Union Urges FG To Review Recommendation For Increase In Alcohol, Tobacco Tariffs
The Food, Beverage and Tobacco Senior Staff Association (FOBTOB) has urged the Federal Government to re-evaluate the recommendation to raise tariff on alcohol and tobacco to prevent job losses.
The General Secretary of FOBTOB, Mr Iji Solomon, made the call when he said on Thursday in Lagos.
The Minister of Finance, Mrs Kemi Adeosun, had recommended an increased tariff on alcohol and tobacco because of their health implications and also to raise revenue.
According to Solomon, the recommendation to raise tariff on the products could affect manufacturers of these products and would lead to redundancy.
“There is no doubt that the minister proposed the increase based on ECOWAS Common External Tariff, but it should not be to the detriment of local manufacturers or the economy,’’ he said.
The union’s scribe said that the disparity in price for each of the products by the minister was not understandable but that any increase would impact on the workforce.
He said that the “Ad valorem’’ tariff (Value Tax) was a normal tariff on products in the industry but it could increase the unit tax of tobacco.
Solomon also said that about 2,000 workers have lost their jobs in the last two years because of the closure of companies and economic indices.

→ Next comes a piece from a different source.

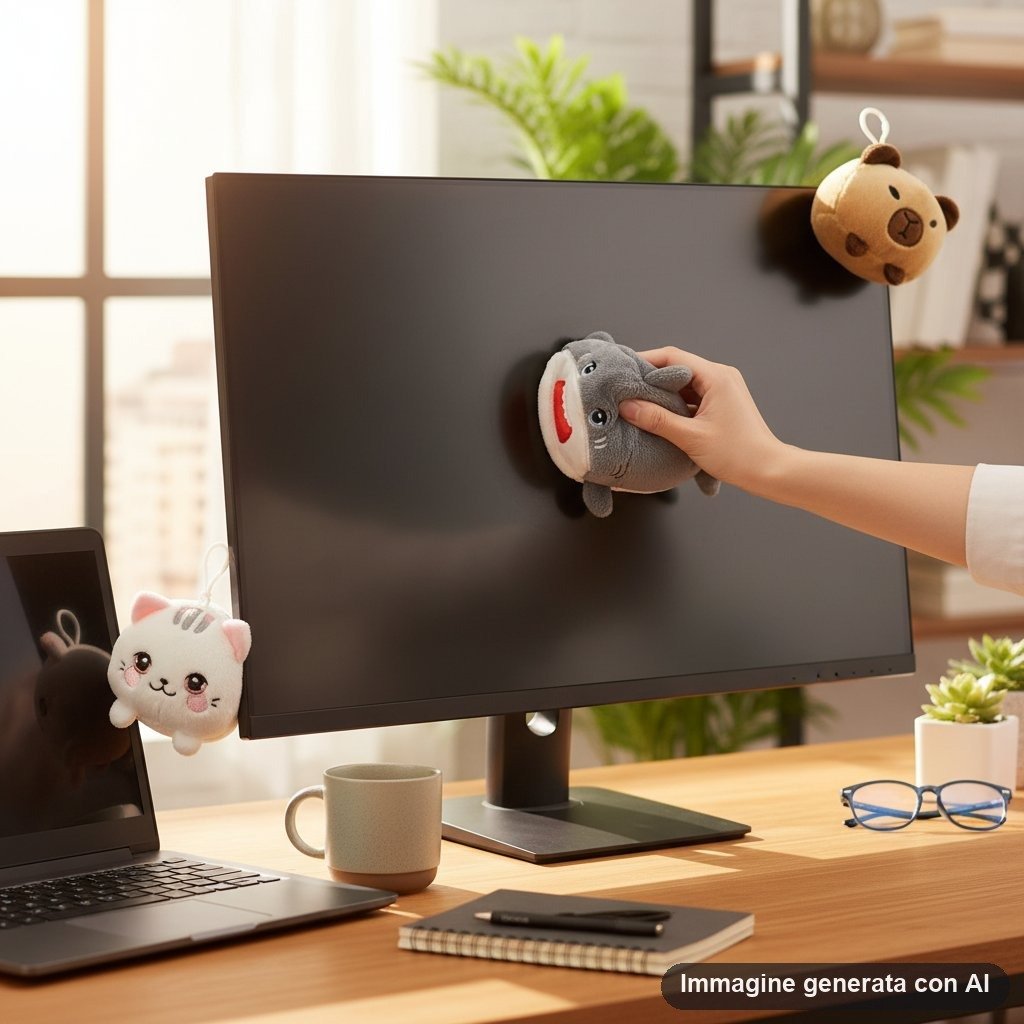 Peluche kawaii per pulire schermo: gatto grigio, elefante e orso su monitor con foglie verdi sullo sfondo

He said that the only tobacco company in Nigeria needed incentives while distilleries should be encouraged to employ more workers rather than sack them.
“Many distilleries closed business because they can no longer access foreign raw materials for production. Only few are working and any increase will lead to redundancy.
“Since the distiller companies use local materials, increase in tariff can lead to their collapse.
“Secondly, with an increased tariff, the distillers will not be able to compete with the imported ones,’’ he said.
Solomon urged the government to collaborate with industry stakeholders such as Association of Food, Beverage and Tobacco Employees and Manufacturers Association of Nigeria (MAN) on the issue.